The prolific architectural critic and journalist Paul Goldberger will discuss highlights from two collections of his essays released this fall by Monacelli and Yale University Press. Building Up and Tearing Down brings together more than fifty essays, from Goldberger's writings for the New Yorker, Metropolis, The New York Times, and other publications that range across architectural and urban issues from Havana to Beijing to Bilbao, Chicago to Las Vegas, and beyond. Dissecting projects from skyscrapers by Norman Foster and museums by Tadao Ando to airports, monuments, suburban shopping malls, and white-brick apartment houses, these essays cover a comprehensive account of the best --and the worst-- of the "age of architecture."

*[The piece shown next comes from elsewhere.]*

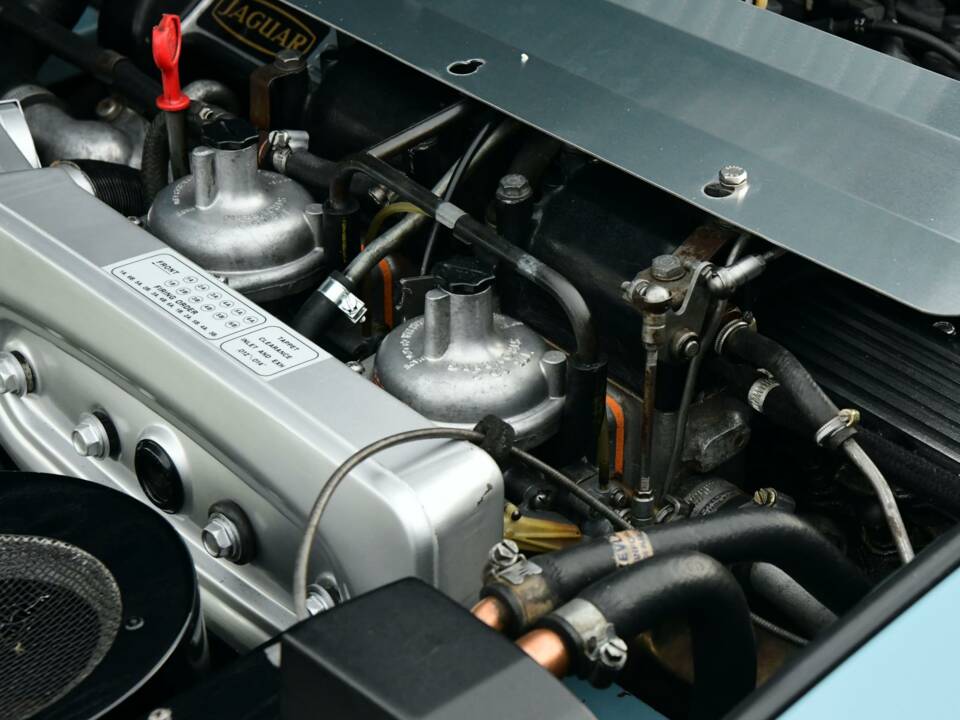 Image 38/50 de Jaguar E-Type V12 (2+2) (1972)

In Why Architecture Matters, Paul Goldberger examines "how things feel to us when we stand before them, with how architecture affects us emotionally as well as intellectually." In examples ranging from a small Cape Cod cottage, the Prairie houses of Frank Lloyd Wright, and the Lincoln Memorial, to Borromini's Church of Sant'Ivo in Rome, Goldberger raises the awareness of fundamentals --proportion, scale, space, texture, materials, shapes, light, and memory --engaging the reader to learn a new way of seeing and experiencing the built world.
Paul Goldberger is the architecture critic for The New Yorker, where since 1997 he has written the magazine's celebrated "Sky Line" column. He holds the Joseph Urban Chair in Design and Architecture at The New School in Manhattan. He began his career at The New York Times, where in 1984, he received the Pulitzer Prize for Distinguished Criticism.